WHAT IS NEEDED >> Verbatim, and with nothing else, reproduce the data below from its first line through the line containing "Vánoční jarmark (foto 1)".

EXERCISE MATERIAL >>
== Segment start ==
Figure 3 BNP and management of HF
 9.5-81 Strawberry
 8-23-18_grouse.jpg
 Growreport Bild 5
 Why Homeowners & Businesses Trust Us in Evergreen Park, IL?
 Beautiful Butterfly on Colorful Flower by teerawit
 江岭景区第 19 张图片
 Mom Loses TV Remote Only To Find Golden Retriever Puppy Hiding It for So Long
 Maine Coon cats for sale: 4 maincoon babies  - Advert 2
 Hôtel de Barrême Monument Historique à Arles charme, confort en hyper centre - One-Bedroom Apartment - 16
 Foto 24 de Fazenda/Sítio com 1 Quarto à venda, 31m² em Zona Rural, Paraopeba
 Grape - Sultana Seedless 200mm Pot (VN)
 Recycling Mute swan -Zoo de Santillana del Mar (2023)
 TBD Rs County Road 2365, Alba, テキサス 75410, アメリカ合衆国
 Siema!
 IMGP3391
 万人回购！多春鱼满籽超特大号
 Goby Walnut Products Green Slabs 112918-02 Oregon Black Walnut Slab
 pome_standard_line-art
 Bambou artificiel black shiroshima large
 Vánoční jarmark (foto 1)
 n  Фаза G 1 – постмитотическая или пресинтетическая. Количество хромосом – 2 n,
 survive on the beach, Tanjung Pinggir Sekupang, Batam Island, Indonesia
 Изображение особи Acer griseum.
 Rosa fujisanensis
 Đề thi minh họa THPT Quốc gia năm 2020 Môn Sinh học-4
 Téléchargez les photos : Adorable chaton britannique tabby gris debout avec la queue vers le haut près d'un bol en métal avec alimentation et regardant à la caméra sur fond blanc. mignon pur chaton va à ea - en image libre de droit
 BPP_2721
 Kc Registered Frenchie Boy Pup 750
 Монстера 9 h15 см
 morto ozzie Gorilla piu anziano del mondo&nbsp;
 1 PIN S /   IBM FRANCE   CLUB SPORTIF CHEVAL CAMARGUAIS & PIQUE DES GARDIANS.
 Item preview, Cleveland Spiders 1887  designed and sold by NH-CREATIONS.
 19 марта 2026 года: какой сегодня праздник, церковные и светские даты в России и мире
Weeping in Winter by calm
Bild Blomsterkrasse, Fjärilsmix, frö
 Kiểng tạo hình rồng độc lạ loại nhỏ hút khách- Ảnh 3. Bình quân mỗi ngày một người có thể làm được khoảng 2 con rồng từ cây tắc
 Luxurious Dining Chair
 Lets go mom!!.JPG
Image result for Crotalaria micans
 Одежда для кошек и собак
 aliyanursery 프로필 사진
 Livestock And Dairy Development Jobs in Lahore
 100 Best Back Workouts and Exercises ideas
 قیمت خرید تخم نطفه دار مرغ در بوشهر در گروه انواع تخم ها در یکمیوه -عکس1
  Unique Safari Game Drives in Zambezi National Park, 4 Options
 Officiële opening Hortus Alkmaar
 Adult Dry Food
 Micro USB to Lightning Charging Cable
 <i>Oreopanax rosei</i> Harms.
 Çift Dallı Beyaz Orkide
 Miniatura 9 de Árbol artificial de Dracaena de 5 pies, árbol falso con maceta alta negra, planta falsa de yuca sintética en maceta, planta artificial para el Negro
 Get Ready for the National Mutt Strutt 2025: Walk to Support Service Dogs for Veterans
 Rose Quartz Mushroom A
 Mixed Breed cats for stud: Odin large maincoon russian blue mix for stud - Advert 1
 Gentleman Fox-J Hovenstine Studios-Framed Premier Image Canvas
== Segment end ==
ANSWER FOR THE TASK >>
Figure 3 BNP and management of HF
 9.5-81 Strawberry
 8-23-18_grouse.jpg
 Growreport Bild 5
 Why Homeowners & Businesses Trust Us in Evergreen Park, IL?
 Beautiful Butterfly on Colorful Flower by teerawit
 江岭景区第 19 张图片
 Mom Loses TV Remote Only To Find Golden Retriever Puppy Hiding It for So Long
 Maine Coon cats for sale: 4 maincoon babies  - Advert 2
 Hôtel de Barrême Monument Historique à Arles charme, confort en hyper centre - One-Bedroom Apartment - 16
 Foto 24 de Fazenda/Sítio com 1 Quarto à venda, 31m² em Zona Rural, Paraopeba
 Grape - Sultana Seedless 200mm Pot (VN)
 Recycling Mute swan -Zoo de Santillana del Mar (2023)
 TBD Rs County Road 2365, Alba, テキサス 75410, アメリカ合衆国
 Siema!
 IMGP3391
 万人回购！多春鱼满籽超特大号
 Goby Walnut Products Green Slabs 112918-02 Oregon Black Walnut Slab
 pome_standard_line-art
 Bambou artificiel black shiroshima large
 Vánoční jarmark (foto 1)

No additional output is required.